An article that makes you want to get out there and do the same, well done.
I used to love my winter fishing when I was younger, those cold crispy mornings when for some strange reason you never felt the cold and sometimes a special day when the fish went barmy for the bait and you caught loads. One of those red letter days for me that I remember well was in the early 70's on the Severn at Eardington when, after a mile long walk we settled in on a hotspot. I caught non-stop all day long with first a wave of chub then a wave of barbel (they were much smaller in those days) and it was that cold my wellies froze into the mud and my rod rings kept freezing over. My old Dad was with us that day fishing the peg above me and that was the first and only time he ever caught barbel, he loved every minute of it except the long walk.
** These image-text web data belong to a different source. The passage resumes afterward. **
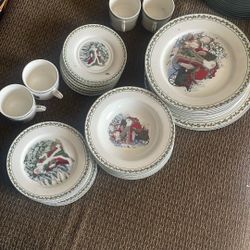 Christmas Plates 36 PCs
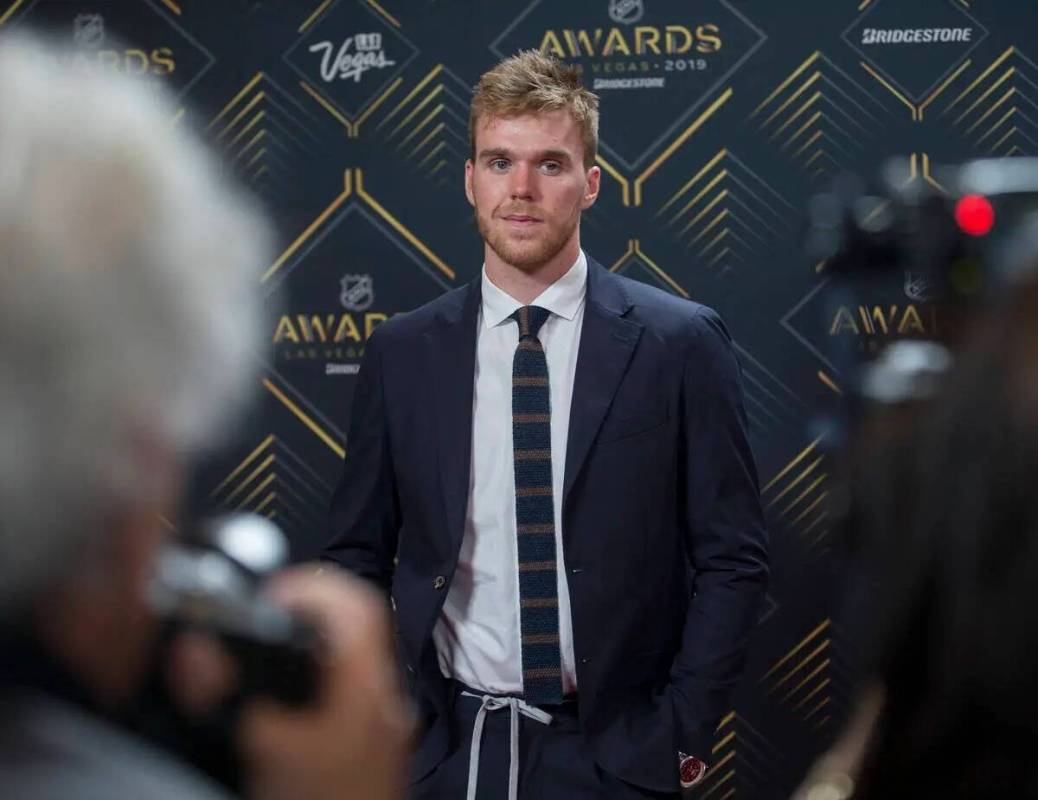 El centro de los Edmonton Oilers Connor McDavid camina por la alfombra roja antes del inicio de ...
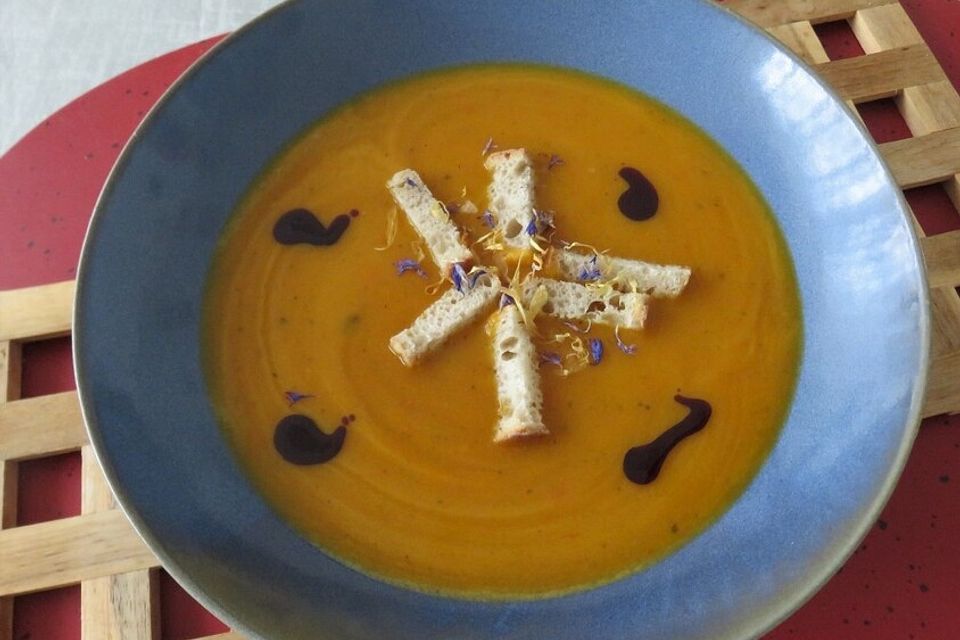 Kürbis-Kartoffel-Suppe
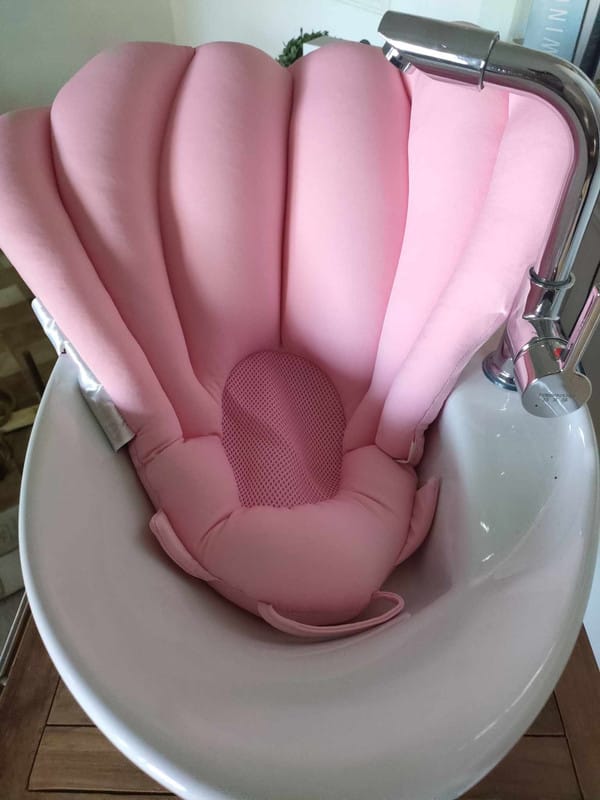 Customer photo review of Bleue Bebe's Sink Bather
My bad circulation and weak ticker precludes me from fishing when it is really cold and I envy you and all those that take the trouble to fish when most prefer to sit in front of the fire, some of the best chub fishing I ever enjoyed was in the winter because they too are a willing fish even on the coldest of days.
Fabulous Dave; doesn’t it just make you yearn to be out there, even in this extremely cold period. What a great sentiment: “There are many days when a six ounce dace will bring great joy and a pound perch will keep a smile on the angler's face for several hours.”
I struggled for three hours yesterday on the Colne and managed just one bite which resulted in one small dace, much less than six ounces. But at -4 degrees and a harsh ground frost, I still felt it was mission accomplished. The added bonus was the brilliant blue saluting fly past of the resident kingfisher, a Little Owl waiting for my return to the car park, and a most splendid Colne Valley sunset.
I too was inspired to fish smaller waters after reading "Rough Rivers & Small Stream Fishing" as a teenager. Also the early John Wilson programs got me into carrying less tackle even buying one of his waistcoats. I tend to fish local River Dane and although I can catch more & bigger fish elsewhere I enjoy fishing on quieter banks.
What a great article. It makes me want to get down to the river. As soon as I get over my illness, which has now gone on too long, I will be there. The roach at the top of the article looks lovely and makes me want to go and catch one. I will certainly try for one from the Avon, or possibly ther Stour, as soon as possible. I have a horrible feeling that if this cold weather continues for much longer then the back end chub may not be as big as usual as they may feed less for a while so roach will be a good target. I will also be visiting the Ouse as soon as possible, but higher up river than you, and targetting perch and chub.
Sorry to hear about your problem Dave, same one as before I presume. You got through it before and I'm confident you will get over it again, just think of all the fishing you will miss and maybe that will give all the incentive you need.